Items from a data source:
>>>
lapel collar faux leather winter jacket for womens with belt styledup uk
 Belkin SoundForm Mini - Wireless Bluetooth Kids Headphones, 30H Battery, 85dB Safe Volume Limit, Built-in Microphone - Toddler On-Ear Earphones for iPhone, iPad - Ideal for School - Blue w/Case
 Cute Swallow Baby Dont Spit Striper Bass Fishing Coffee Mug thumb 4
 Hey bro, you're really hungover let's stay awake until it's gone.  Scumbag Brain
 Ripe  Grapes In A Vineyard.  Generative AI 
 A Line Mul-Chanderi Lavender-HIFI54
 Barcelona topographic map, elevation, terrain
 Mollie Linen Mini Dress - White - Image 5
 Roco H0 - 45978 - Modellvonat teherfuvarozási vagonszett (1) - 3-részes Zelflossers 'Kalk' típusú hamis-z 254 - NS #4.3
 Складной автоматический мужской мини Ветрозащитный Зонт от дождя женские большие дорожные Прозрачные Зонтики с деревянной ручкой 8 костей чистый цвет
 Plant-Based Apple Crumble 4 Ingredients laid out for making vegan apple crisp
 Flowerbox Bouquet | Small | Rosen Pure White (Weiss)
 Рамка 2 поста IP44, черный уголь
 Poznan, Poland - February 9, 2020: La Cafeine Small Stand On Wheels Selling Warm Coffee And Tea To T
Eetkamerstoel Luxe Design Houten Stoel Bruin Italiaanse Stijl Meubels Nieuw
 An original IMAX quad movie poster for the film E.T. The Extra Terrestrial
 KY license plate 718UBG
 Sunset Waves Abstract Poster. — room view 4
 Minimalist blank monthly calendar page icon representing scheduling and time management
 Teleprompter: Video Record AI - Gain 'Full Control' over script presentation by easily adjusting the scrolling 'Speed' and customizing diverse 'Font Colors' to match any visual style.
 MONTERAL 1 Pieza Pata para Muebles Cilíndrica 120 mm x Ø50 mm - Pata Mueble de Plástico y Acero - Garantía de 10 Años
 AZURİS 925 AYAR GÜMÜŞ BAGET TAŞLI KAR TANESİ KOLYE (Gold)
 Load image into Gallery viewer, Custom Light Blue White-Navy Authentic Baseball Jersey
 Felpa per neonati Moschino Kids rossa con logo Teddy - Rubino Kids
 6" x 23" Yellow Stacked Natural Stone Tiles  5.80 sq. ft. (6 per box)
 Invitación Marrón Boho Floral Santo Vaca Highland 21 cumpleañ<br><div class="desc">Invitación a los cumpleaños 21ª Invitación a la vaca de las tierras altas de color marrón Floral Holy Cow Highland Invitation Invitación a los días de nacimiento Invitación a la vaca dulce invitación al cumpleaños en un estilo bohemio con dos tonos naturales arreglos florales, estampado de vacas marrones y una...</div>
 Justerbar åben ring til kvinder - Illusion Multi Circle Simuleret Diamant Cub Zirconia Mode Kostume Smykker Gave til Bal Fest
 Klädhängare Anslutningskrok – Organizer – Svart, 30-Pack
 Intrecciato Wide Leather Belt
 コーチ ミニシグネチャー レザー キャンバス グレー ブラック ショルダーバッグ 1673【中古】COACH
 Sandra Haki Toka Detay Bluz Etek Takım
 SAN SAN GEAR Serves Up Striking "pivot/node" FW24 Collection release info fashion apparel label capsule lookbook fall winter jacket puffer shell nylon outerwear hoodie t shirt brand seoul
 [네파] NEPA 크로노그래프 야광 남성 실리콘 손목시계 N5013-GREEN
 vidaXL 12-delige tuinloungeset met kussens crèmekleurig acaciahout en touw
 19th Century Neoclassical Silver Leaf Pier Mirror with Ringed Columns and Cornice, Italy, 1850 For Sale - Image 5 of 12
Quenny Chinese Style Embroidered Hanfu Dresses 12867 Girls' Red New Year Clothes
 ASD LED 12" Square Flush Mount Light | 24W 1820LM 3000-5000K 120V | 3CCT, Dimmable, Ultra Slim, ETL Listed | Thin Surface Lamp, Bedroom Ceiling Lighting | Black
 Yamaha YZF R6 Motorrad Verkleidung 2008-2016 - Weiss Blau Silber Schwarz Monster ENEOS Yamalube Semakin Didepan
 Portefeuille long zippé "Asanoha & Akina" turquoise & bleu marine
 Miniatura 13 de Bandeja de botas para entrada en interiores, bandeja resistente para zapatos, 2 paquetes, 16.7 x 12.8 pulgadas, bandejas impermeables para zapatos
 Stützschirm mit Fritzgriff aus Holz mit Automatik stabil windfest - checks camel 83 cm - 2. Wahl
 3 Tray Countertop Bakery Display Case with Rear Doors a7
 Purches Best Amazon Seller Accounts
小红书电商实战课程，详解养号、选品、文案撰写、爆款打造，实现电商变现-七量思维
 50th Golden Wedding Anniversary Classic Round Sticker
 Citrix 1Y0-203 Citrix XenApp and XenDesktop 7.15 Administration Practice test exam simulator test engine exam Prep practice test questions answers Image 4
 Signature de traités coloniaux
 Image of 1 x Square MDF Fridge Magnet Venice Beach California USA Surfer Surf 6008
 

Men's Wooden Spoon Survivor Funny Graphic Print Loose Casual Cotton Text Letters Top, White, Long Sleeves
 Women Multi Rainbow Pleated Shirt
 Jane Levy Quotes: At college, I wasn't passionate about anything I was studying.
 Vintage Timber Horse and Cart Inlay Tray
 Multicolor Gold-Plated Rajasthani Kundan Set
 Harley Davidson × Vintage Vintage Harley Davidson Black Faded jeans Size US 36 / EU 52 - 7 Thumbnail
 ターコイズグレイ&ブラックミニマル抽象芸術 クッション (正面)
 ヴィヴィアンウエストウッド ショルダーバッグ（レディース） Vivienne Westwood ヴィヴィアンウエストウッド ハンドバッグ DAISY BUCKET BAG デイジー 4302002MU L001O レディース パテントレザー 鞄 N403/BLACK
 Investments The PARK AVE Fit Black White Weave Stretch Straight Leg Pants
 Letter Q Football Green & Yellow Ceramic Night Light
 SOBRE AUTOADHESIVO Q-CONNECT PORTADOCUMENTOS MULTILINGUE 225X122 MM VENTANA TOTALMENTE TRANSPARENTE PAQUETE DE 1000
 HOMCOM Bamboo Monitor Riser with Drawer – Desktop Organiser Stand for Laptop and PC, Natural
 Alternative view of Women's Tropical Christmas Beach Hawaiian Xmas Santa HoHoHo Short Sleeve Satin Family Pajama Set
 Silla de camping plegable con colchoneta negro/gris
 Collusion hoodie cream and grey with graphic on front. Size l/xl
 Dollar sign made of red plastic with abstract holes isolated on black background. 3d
<<<
> _What you will do_
The required output is every line above from the one with "Felpa per neonati" down to the one with "50th Golden Wedding", restated word for word, ends included.

> _Task output_
 Felpa per neonati Moschino Kids rossa con logo Teddy - Rubino Kids
 6" x 23" Yellow Stacked Natural Stone Tiles  5.80 sq. ft. (6 per box)
 Invitación Marrón Boho Floral Santo Vaca Highland 21 cumpleañ<br><div class="desc">Invitación a los cumpleaños 21ª Invitación a la vaca de las tierras altas de color marrón Floral Holy Cow Highland Invitation Invitación a los días de nacimiento Invitación a la vaca dulce invitación al cumpleaños en un estilo bohemio con dos tonos naturales arreglos florales, estampado de vacas marrones y una...</div>
 Justerbar åben ring til kvinder - Illusion Multi Circle Simuleret Diamant Cub Zirconia Mode Kostume Smykker Gave til Bal Fest
 Klädhängare Anslutningskrok – Organizer – Svart, 30-Pack
 Intrecciato Wide Leather Belt
 コーチ ミニシグネチャー レザー キャンバス グレー ブラック ショルダーバッグ 1673【中古】COACH
 Sandra Haki Toka Detay Bluz Etek Takım
 SAN SAN GEAR Serves Up Striking "pivot/node" FW24 Collection release info fashion apparel label capsule lookbook fall winter jacket puffer shell nylon outerwear hoodie t shirt brand seoul
 [네파] NEPA 크로노그래프 야광 남성 실리콘 손목시계 N5013-GREEN
 vidaXL 12-delige tuinloungeset met kussens crèmekleurig acaciahout en touw
 19th Century Neoclassical Silver Leaf Pier Mirror with Ringed Columns and Cornice, Italy, 1850 For Sale - Image 5 of 12
Quenny Chinese Style Embroidered Hanfu Dresses 12867 Girls' Red New Year Clothes
 ASD LED 12" Square Flush Mount Light | 24W 1820LM 3000-5000K 120V | 3CCT, Dimmable, Ultra Slim, ETL Listed | Thin Surface Lamp, Bedroom Ceiling Lighting | Black
 Yamaha YZF R6 Motorrad Verkleidung 2008-2016 - Weiss Blau Silber Schwarz Monster ENEOS Yamalube Semakin Didepan
 Portefeuille long zippé "Asanoha & Akina" turquoise & bleu marine
 Miniatura 13 de Bandeja de botas para entrada en interiores, bandeja resistente para zapatos, 2 paquetes, 16.7 x 12.8 pulgadas, bandejas impermeables para zapatos
 Stützschirm mit Fritzgriff aus Holz mit Automatik stabil windfest - checks camel 83 cm - 2. Wahl
 3 Tray Countertop Bakery Display Case with Rear Doors a7
 Purches Best Amazon Seller Accounts
小红书电商实战课程，详解养号、选品、文案撰写、爆款打造，实现电商变现-七量思维
 50th Golden Wedding Anniversary Classic Round Sticker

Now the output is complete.